Catching Fire finally delivered on the *action* that I felt was sometimes lukewarm in its predecessor. Except for a few lulls in the story, this book went from one major event to another, and the excitement I felt was so incredible and so energizing, I literally dreaded coming to the last few pages. Collins really does know how to catch her readers and hold their attention. This was a strong, strong sequel and I already know, unless Mockingjay totally bombs, that this is one of my favorite series of all time.

While the overall plot was captivating from start-to-finish, I personally thought that the PACING of this book was like, on drugs. It was roller-coaster fast, then inner-tube-floating-down-a-river slow, and freakishly random at times. Like, something major would happen, but because the book is so fast-paced, there was little emotional and in-depth exploration. I thought the Quarter Quell, for example, was way too fast paced (don't worry - that's not a spoiler. I'm not telling you what the QQ is). I always find it interesting to see what an author chooses to emphasize and what he/she chooses to skim over, and it seemed like quite a few aspects of the story that *I* found to be incredibly crucial were just skimmed, and rather insignificant aspects were blown out of proportion.

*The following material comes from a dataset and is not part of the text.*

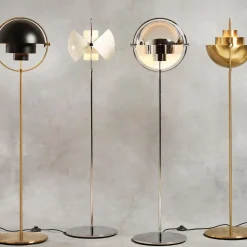 Multi-Lite Stehleuchte Gestell Messing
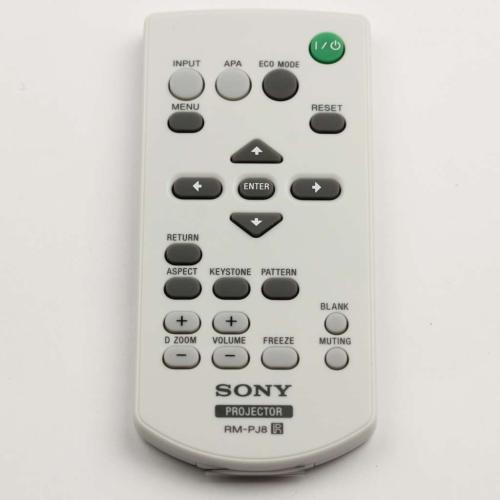 Sony Remote Commander (Rm-Pj8) - 1-490-463-12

In all fairness, I'm starting to get a little annoyed with Katniss as a narrator and character. Now that's not supposed to sound critical, because I actually think Katniss is one of the better MCs in current YA fiction: she's driven, she's goal-oriented, she perseveres, she cares about her family, etc. I can excuse her grammar and bleak outlook on life, but her tone really started to bother me. She's way to dry, detached, and matter-of-fact, no matter how dire and emotional the situation is, and as the stakes got higher in this book, I found her detachment hard to understand. She also had a tendency to be quite patronizing, especially towards Peeta. Umm, okay so Peeta obviously isn't a King Leonidas killing machine, but he's not a totally worthless loser, either. Give him some respect, Katniss! He's definitely smarter than you are!

Other high points: always good to have a consistent, strong villain. I've been waiting to read about President Snow ever since I asked my 14-year old cousin what team he was on, and he told me "Team Snow!" (he was just kidding, I think). I definitely was creeped out by President Snow. Bravo for scary-but-mysterious villains!
And now to the love story: Okay, here I absolutely LOVE the concept but am less than impressed with the execution. I think SOME of Katniss' attitude is refreshing. She's not boy-crazy and she's not leading them on, either. She's honest about her feelings (or lack thereof) and expresses fear and uncertainty about her future with either of them. Those are genuine, consistent feelings for a character like her. And I'm going to defend both Peeta AND Gale's personalities. I keep reading that the two needed to be contrasted more, and I just don't get that. To me, they contrast just fine. Gale's more the brooding, quiet, brawny type (he reminds me of Jacob from everybody's favorite series because he just seems to exude manliness) and Peeta is adorable, kind, sweet, incredibly shrewd and clever. Both are "good boys," and I quite enjoy having two characters who were somewhat alike. It makes Katniss' decision way more unpredictable.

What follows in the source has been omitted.